There’s a new study out testing the predictive acumen of astrologers. As you probably know, astrology holds that the configuration of astronomical bodies at birth dictates people’s personalities and life experiences. As you probably also know, these predictions have been tested many times, and the result is always the same: Astrology is bogus. What’s new about the recent test is that 100 astrologers, ranging from novice to “expert,” were involved in designing it, and thus agreed that its results would be informative (astrology have accused past test of funny business from biased skeptics).
News reports of the test have emphasized how humiliating these results are for the astrologer-participants (the inset shows one headline-writer’s take), and indeed for all astrology practitioners. But this conclusion ENTIRELY missed the point of science.
By way of explanation, let’s examine a historical example. It’s the early 1990s, and the phenomenon called facilitated communication (FC) is sweeping through developmental centers, special education classrooms, and families of people with intellectual disabilities. As you probably know, FC posits that with the right kind of loving support from a “facilitator,” supposedly nonverbal individuals can use a keyboard to produce verbal behavior that’s often unexpectedly, incredibly, prodigiously sophisticated.
By the way, the story of FC is told dramatically in an episode of the PBS series Frontline (you can watch the whole episode here, and if you haven’t, you really, really should).
At one critical juncture in “Prisoners,” staff at New York’s O.D. Heck Developmental Center are practicing FC with their clients — but also are aware of a growing controversy. A few small studies have suggested that FC is merely an example of the inadvertent social influence that’s sometimes called the Clever Hans Effect (this short, clear video explains the name).
In short, the new research coming out in the early ’90s is suggesting that facilitators, not clients, are responsible for all of the communication produced through FC. The O.D. Heck staff respect this research, but they cannot imagine that they are making the same mistakes as other facilitators. So, as documented in “Prisoners of Silence,” they devise their own, careful, double-blind test, with the input of the facilitators. And guess what? They find zero evidence for nonverbal clients typing anything meaningful. It’s all the work of unwitting facilitators.
What happens next is the critical part for our purposes.
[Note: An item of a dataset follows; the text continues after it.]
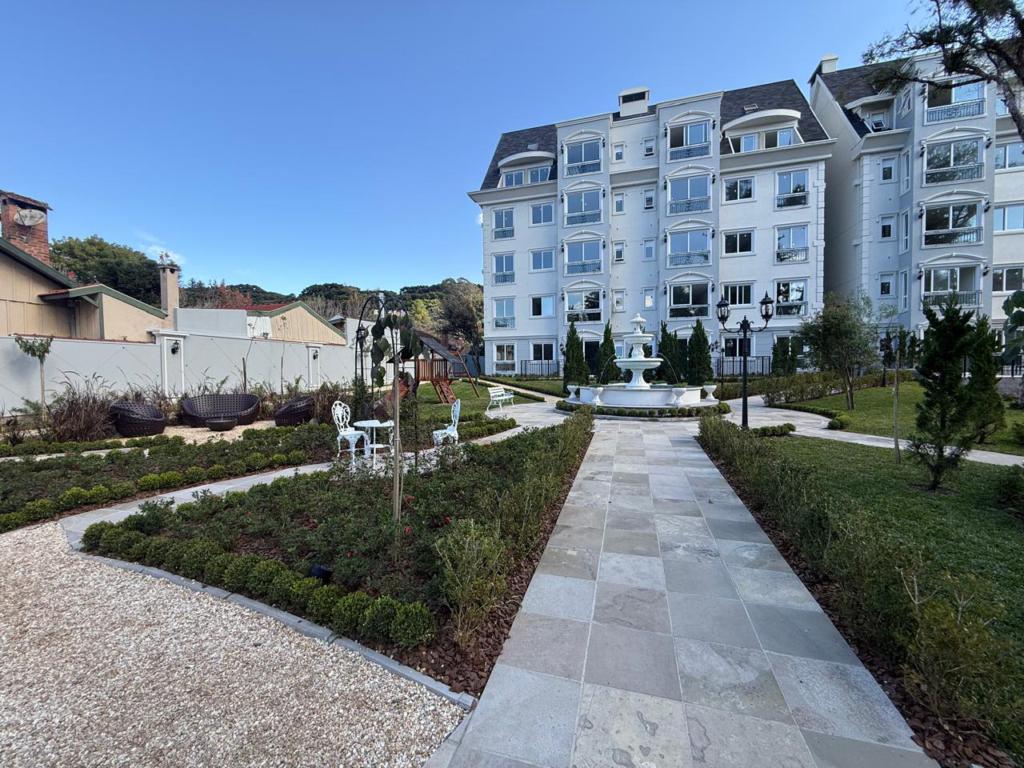 Apartamento 02 Dorm. com 75m² no bairro Planalto em Gramado para Comprar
Watch “Prisoners,” and keep your eyes glued on O.D. Heck staff member Marian Pitsas, who’s nominally a bit player in the drama. She’s an enthusiastic adopter and promoter of FC who says (at around 5:55 of the video), “I thought it was wonderful. I thought at last we were going to find out how to help these people communicate.” But by the time the O.D. Heck results are in (around 31:40), you see a very different Marian Pitsas. She is unsettled, embarrassed, bewildered… but she looks straight into the camera and, without flinching, says:
It was devastating. To see the data there in black and white in front of you… There was no arguing it. It was clear cut… I knew I couldn’t argue with those results.
Marian Pitsas is the Coolest Person in the World. Keep in mind that, as a species, human beings are pretty awful, under any circumstances, at admitting they’re wrong. They do even worse when there’s an emotional investment and when a cherished belief is challenged by cold, hard, objective evidence. This is, in fact, the entire reason science was invented — to formalize an evidence-driven way of thinking that does not come naturally to human brains.
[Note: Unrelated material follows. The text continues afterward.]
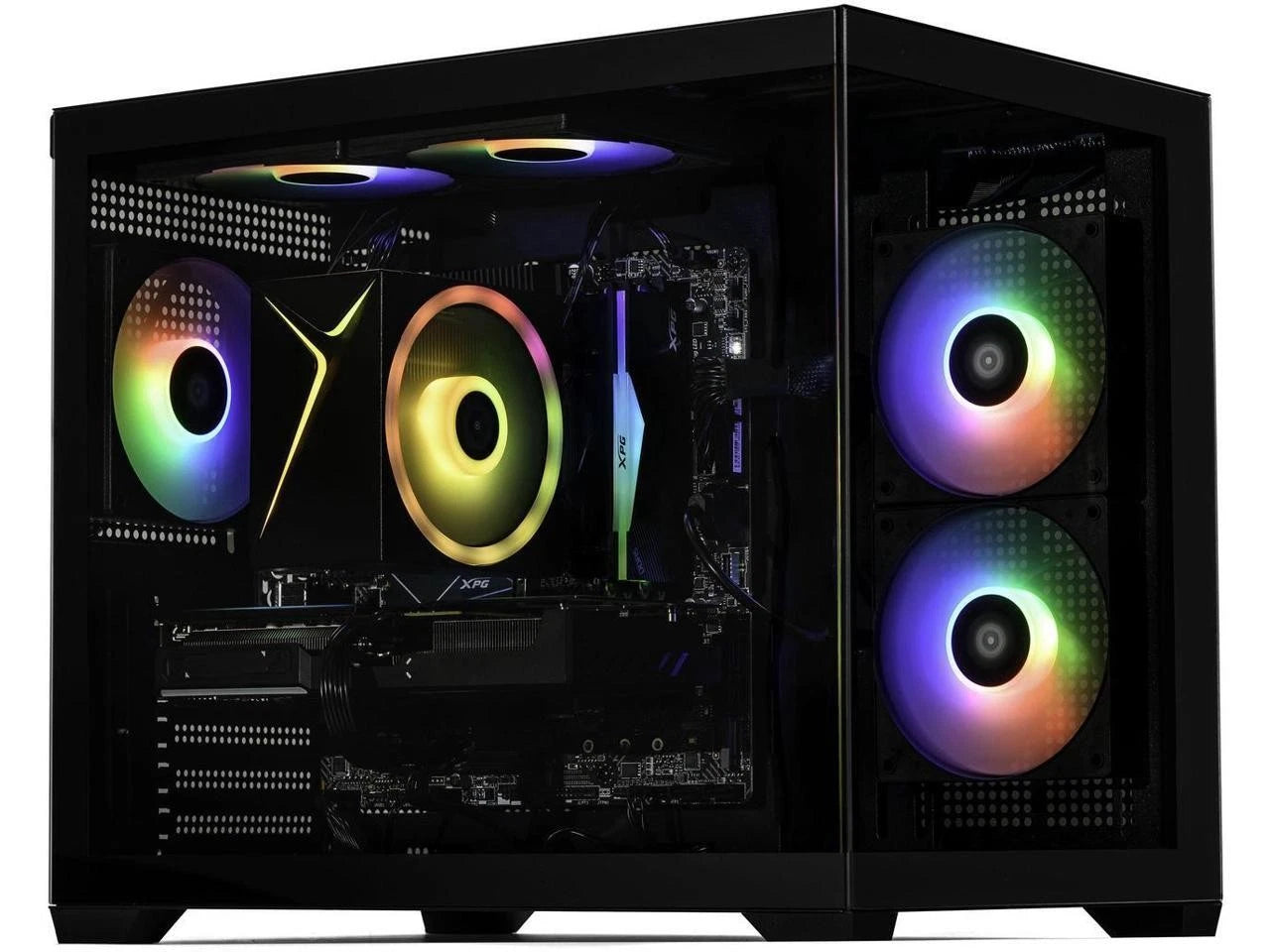 SI1440FBB-560N1 - Stormcraft Gaming Gaming PC SIRIUS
I teach a research methods course to freshmen and sophomores who, let’s just say, typically don’t arrive as devotees of science. The course is less about the how-to of science and more about persuading my students that there’s a need for doing something different (and considerably more effortful) than what they feel in their gut. Boiled down to their essence, here are three cornerstones of my semester-long argument:
- The more strongly you believe something, the more important it is to challenge that idea with a formal test.
- The test has to be built so you know in advance what results will say the belief is right, and what results will say the belief is wrong.
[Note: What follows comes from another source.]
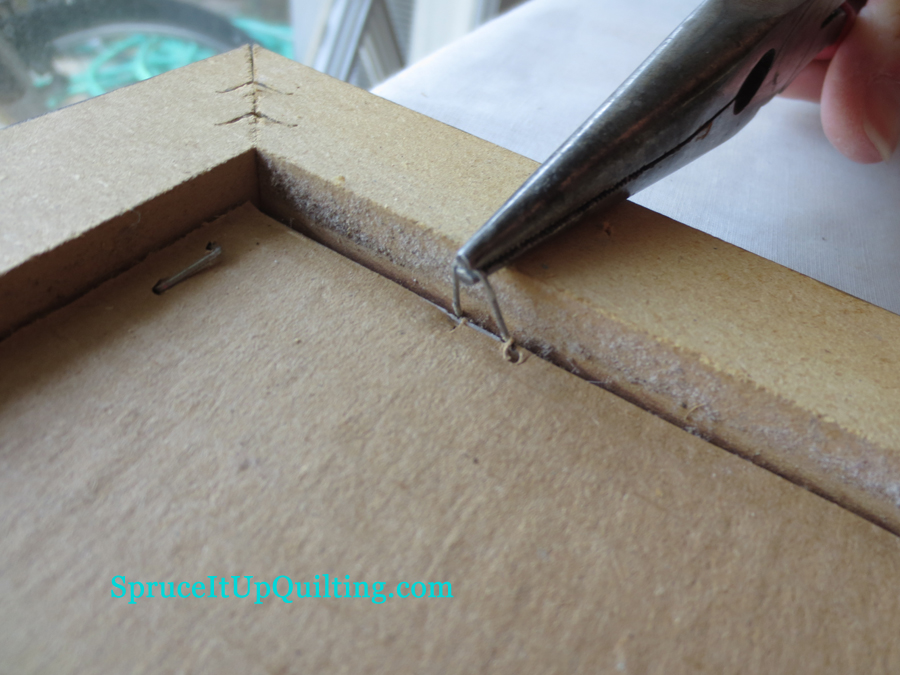 Spruce It Up Quilting Light box project!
- What you believe going forward has to be dictated by what the test results sa, no matter how you feel about that. In other words, it’s more important to be informed than to be right.
Marian Pitsas was no scientist, but boy, did she ever check off the first three items on that list!
- She willingly helped to devise the O.D. Heck experiment that put to the test something she thought needed no proof, because her experience using it with clients had already convinced her it worked.
- She agreed up front about what different kinds of evidence would mean.
- Then, at potential risk to her reputation and self-image, she stuck to her guns when the data came in and let her beliefs follow the data. She putt being informed ahead of being right.
And then, to boot, she made her “embarrassment” complete and let Frontline to share her saga with the world (for which she and the rest of the O.D. Heck team were rewarded with considerable public scorn from FC devotees).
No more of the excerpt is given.